A synbiotic-containing amino-acid-based formula improves gut microbiota in non-IgE-mediated allergic infants

Abstract

BackgroundPrebiotics and probiotics (synbiotics) can modify gut microbiota and have potential in allergy management when combined with amino-acid-based formula (AAF) for infants with cow's milk allergy (CMA).MethodsThis multicenter, double-blind, randomized controlled trial investigated the effects of an AAF-including synbiotic blend on percentages of bifidobacteria and Eubacterium rectale/Clostridium coccoides group (ER/CC) in feces from infants with suspected non-IgE-mediated CMA. Feces from age-matched healthy breastfed infants were used as reference (healthy breastfed reference (HBR)) for primary outcomes. The CMA subjects were randomized and received test or control formula for 8 weeks. Test formula was a hypoallergenic, nutritionally complete AAF including a prebiotic blend of fructo-oligosaccharides and the probiotic strain Bifidobacterium breve M-16V. Control formula was AAF without synbiotics.ResultsA total of 35 (test) and 36 (control) subjects were randomized; HBR included 51 infants. At week 8, the median percentage of bifidobacteria was higher in the test group than in the control group (35.4% vs. 9.7%, respectively; P<0.001), whereas ER/CC was lower (9.5% vs. 24.2%, respectively; P<0.001). HBR levels of bifidobacteria and ER/CC were 55% and 6.5%, respectively.ConclusionAAF including specific synbiotics, which results in levels of bifidobacteria and ER/CC approximating levels in the HBR group, improves the fecal microbiota of infants with suspected non-IgE-mediated CMA.

Figure 1

CONSORT diagram showing the flow of subjects in the randomized arms. ITT, intent to treat. Early withdrawal-related adverse events were constipation (n=1) and infantile colic (n=1), and related serious adverse event (n=1) was viral laryngitis. The events were reported as unlikely and not related to study formula.

Figure 2

Percentages of bifidobacteria (a) and adult-like ER/CC (b) at weeks 0 and 8 in subjects given test formula or control formula (ITT). The gray shaded area represents the sample 25th to 75th percentile of the healthy reference group (healthy, breastfed subjects), and the gray horizontal lines represent the minimum and maximum values of the healthy reference group.
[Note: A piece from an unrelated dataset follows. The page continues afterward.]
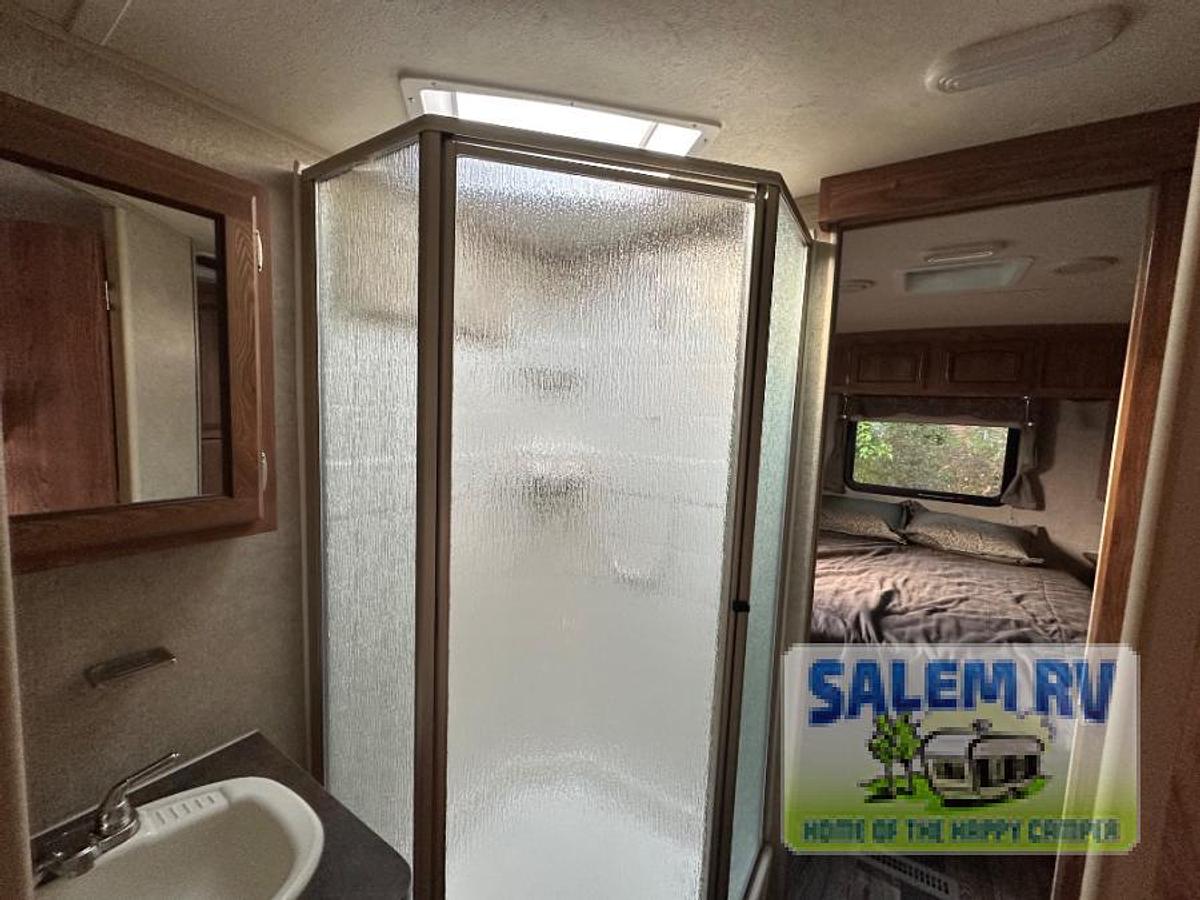 Used Used 2016 Forest River RV Rockwood Ultra Lite 2608WS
P values are based on ANCOVA comparing test vs. control groups with week 8 values as outcome, stratification factor (skin or gastrointestinal symptoms) and imputed baseline values as covariate and intervention as fixed effect, respectively.

Figure 3

Parent-reported, clinician-evaluated symptoms at weeks 0, 1, 4, and 8 assessed on a 4-point rating scale specific for each symptom. Skin symptoms (redness, oozing, crusting, itchiness, dryness, and nappy rash) were rated as 1: none, 2: slight, 3: some, and 4: a lot. Respiratory symptoms blocked nose and wheezing rated as 1: none, 2: mild, 3: moderate, and 4: severe, and coughing was rated as 1: none, 2: one to two times/day, 3: three to five times/day, and 4: more than five times/day. General and gastrointestinal symptoms: vomiting was rated as 1: none, 2: one to two times/day, 3: three to four days/day, and 4: more than four times/day; spitting-up as 1: none, 2: after some feeds, 3: after all feeds, and 4: between and after feeds; gas/wind as 1: none; 2: slight; 3: some; and 4: a lot; sleep pattern last night as 1: normal, 2: awake once, 3: awake two to three times, and 4: awake more than three times; ease of settling or burping after feeds as 1: no problem at all, 2: slight difficulty, 3: some difficulty, and 4: very difficult; visual signs of discomfort (e.g., back arching) as 1: none, 2: slight, 3: some, and 4: a lot; and crying (because of irritability) as 1: none, 2: up to 1 h, 3: 1–3 h, and 4: more than 3 h. Data are shown as mean values±95% confidence interval limits.